◆ Information provided ◆
======

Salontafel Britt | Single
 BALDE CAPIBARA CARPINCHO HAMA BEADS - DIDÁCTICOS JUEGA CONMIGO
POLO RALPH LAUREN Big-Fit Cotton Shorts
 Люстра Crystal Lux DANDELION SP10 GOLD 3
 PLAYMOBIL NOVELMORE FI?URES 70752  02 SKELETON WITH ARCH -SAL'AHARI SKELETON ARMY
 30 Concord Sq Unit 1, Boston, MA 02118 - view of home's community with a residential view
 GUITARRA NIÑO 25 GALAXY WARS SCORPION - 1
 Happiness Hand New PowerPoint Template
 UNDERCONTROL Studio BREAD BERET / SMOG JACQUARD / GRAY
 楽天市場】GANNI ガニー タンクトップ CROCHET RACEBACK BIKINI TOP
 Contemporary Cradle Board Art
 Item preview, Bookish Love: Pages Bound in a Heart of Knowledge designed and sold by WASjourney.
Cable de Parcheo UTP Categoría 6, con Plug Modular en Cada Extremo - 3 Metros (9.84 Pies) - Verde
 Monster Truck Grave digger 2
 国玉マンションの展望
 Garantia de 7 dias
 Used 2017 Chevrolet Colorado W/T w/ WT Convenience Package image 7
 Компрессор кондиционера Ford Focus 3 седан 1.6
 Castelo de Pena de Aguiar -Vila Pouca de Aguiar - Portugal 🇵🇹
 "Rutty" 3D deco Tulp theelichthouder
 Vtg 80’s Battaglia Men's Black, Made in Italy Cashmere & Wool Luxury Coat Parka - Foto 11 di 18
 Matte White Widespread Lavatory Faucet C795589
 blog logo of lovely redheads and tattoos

======

◆ What to produce ◆
Extract every line from the one containing "deco Tulp theelichthouder" to the end of the entries, including both of those lines, exactly as given and with nothing added.

◆ Task answer ◆
 "Rutty" 3D deco Tulp theelichthouder
 Vtg 80’s Battaglia Men's Black, Made in Italy Cashmere & Wool Luxury Coat Parka - Foto 11 di 18
 Matte White Widespread Lavatory Faucet C795589
 blog logo of lovely redheads and tattoos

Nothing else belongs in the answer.